• SOURCE MATERIAL:
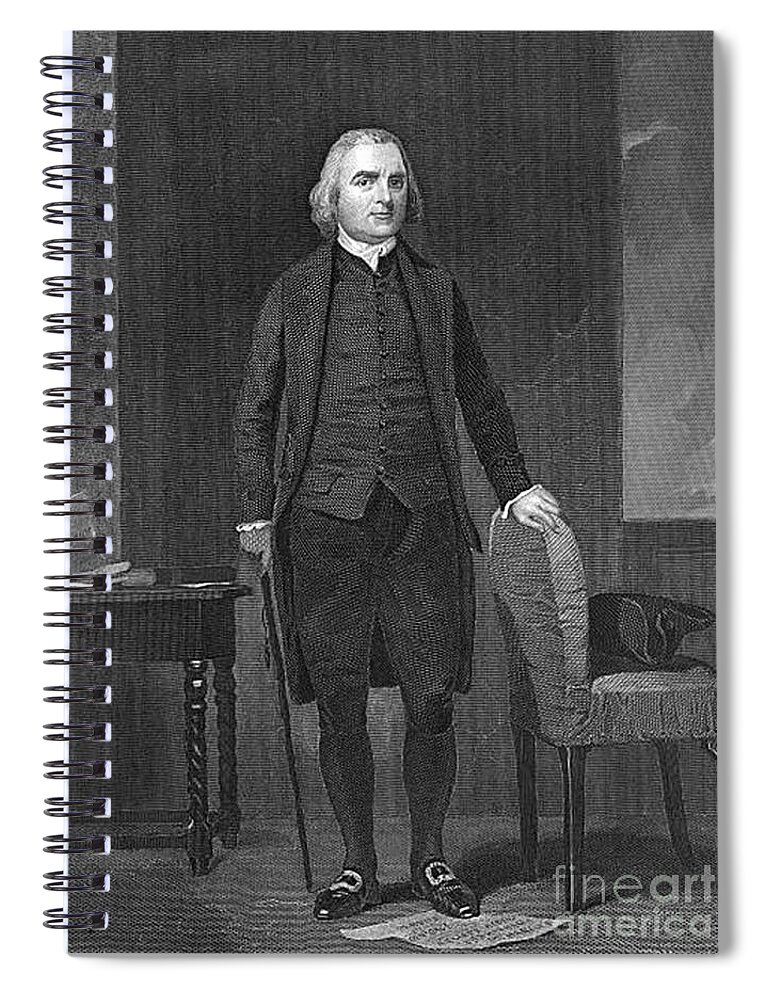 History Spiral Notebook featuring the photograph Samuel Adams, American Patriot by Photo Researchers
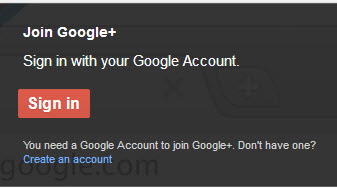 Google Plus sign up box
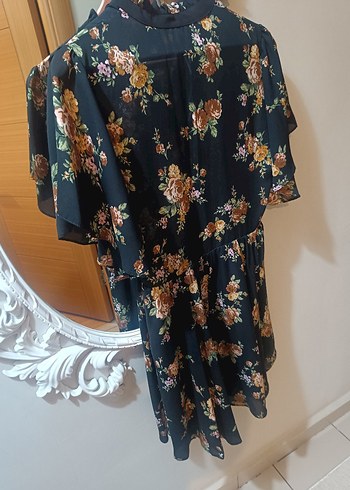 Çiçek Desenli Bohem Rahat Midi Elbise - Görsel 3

• TASK PROMPT:
What you write must match, line for line, the lines from the one with "Google Plus sign up box" through the last line of the data above, minus the pictures.

• YOUR SOLUTION:
 Google Plus sign up box
 Çiçek Desenli Bohem Rahat Midi Elbise - Görsel 3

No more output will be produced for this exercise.